Opponents and Ethics

Have monorail opponents run afoul of ethics codes?

Who is going to oppose the monorail? And have they broken any ethics codes to do it?

Seattle Weekly has obtained a series of e-mails sent by Tim Hatley, a lobbyist and former aide to King County Executive Ron Sims, detailing his effort to campaign against the plan to build a $1.7 billion, 14-mile monorail line from Ballard to West Seattle. They indicate that some very heavy hitters have serious questions about the way the monorail plan is unfolding. The e-mails were sent to several current and former public officials, including former Port Commissioner Henry Aronson and King County Council transportation chair and Sound Transit board member Dwight Pelz, as well as current staff members for both Sims and Seattle City Council transportation chair Richard Conlin and employees of the powerful PR firm Gogerty, Stark, and Marriott Inc. The e-mails also include references to three ex-mayors—Wes Uhlman, Charles Royer, and Paul Schell.

Although only Aronson is working publicly to oppose the monorail (Hatley dropped out of the formal opposition campaign last week), the fact that Pelz, an aide to Sims, and a Conlin staff member, received the e-mails—which refer very specifically to plans for the nascent opposition campaign—hardly bolsters their protestations of neutrality on the monorail. Rumors about Sims’ opposition to the monorail have been swirling for some time. Nick Licata, a monorail proponent on the Seattle City Council, says Sims “is not exactly helping the monorail along,” claiming “all the agencies associated with him are becoming more critical of monorail.”

But whether the e-mails, obtained under a Public Disclosure Act request to Pelz’s office, constituted a violation of the King County code of ethics is unclear. Pelz was sent the materials at his official county e-mail address and, in one case, initiated a message to Hatley, asking, “Do we have a place for tomorrow’s meeting, 1:30-3:00?”

They referred to a July 23 meeting at the offices of Gogerty, Stark, and Marriott Inc. (The other public employees involved in the meeting appear to have been very scrupulous about keeping their involvement on a strictly private basis.) Pelz claims he did not expect the meeting to have anything to do with a formal campaign against the monorail. Instead, he says, he hoped to get input for an essay he is writing, tentatively titled “Ten Questions for the Monorail.”

The ethics code says that any use of “county time or facilities,” including e-mail, “for campaign purposes, including . . . the promotion or opposition to any ballot proposition” is prohibited.

Pelz says he only received e-mails about efforts to campaign against the monorail. Moreover, “I didn’t respond to any of those e-mails.” Passive reception of e-mail, according to King County Board of Ethics administrator Cathy Clemens, is not a subject the county has ever addressed formally. But she does note, “There’s no way a person can prevent someone from sending you something.”

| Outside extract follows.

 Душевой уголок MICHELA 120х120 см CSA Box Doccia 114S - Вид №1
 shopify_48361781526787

The July 23 meeting seems to have been a collision of people with different agendas. On one level, it appears to be confirmation of the monorail proponents’ worst conspiracy theories. The firm of Gogerty, Stark, and Marriott is the epitome of the downtown political establishment that the pro-monorail forces believe despise elevated transit.

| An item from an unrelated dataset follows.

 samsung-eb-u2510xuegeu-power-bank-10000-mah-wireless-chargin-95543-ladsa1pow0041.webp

But David Schaefer, Gogerty, Stark’s representative at the meeting, says the firm is not involved in the opposition effort. “We provided office space. We don’t have a client. We haven’t raised any money. We have questions about the [monorail’s] size and how it will be financed.” Since the one meeting, Schaefer says, the firm hasn’t had any further involvement.

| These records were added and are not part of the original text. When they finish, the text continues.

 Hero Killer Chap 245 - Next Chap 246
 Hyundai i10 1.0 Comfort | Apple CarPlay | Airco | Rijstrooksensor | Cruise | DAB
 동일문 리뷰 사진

Other people who attended the meeting include Aronson, Hatley, and members of Sims’ and Conlin’s staffs. Aronson and Hatley confirm they were actively pursuing an opposition campaign, but even they didn’t see eye to eye.

Aronson says he had reservations about Hatley’s participation. “Hatley was so closely linked to Sims,” he explains. “I didn’t want to be seen as a stalking horse for someone pushing another form of transportation,” namely light rail.

Hatley confirms that he has stepped aside because other monorail opponents wanted “to minimize the connection to Sims.”

Aronson himself may have connections that will discourage some from joining his opposition campaign. He last made headlines in 1989, when he wrestled with conflict-of-interest charges while serving on the Seattle Port Commission. In 1995, he managed “Try Rail,” a public demonstration of commuter rail between Everett, Seattle, Kent, and Tacoma, for the Regional Transit Authority, the forerunner to Sound Transit. Aronson says none of his past experience is relevant to his current efforts. “I’ve got a good case against the monorail.”

What about the concerns of the former mayors? In one e-mail, Hatley writes, “I think we got Royer, Schell, and Uhlman to all agree to sign an op-ed requesting the City Council to undertake an independent review of the proposed monorail plan.”

Both Royer and Uhlman confirm they have questions and concerns about the monorail, but neither knows that much about it yet. The monorail, Uhlman notes pointedly, “is not above hard questions, and up to now, nobody is asking them.” Royer echoes that concern, saying, “The whole thing has happened without a lot of scrutiny.”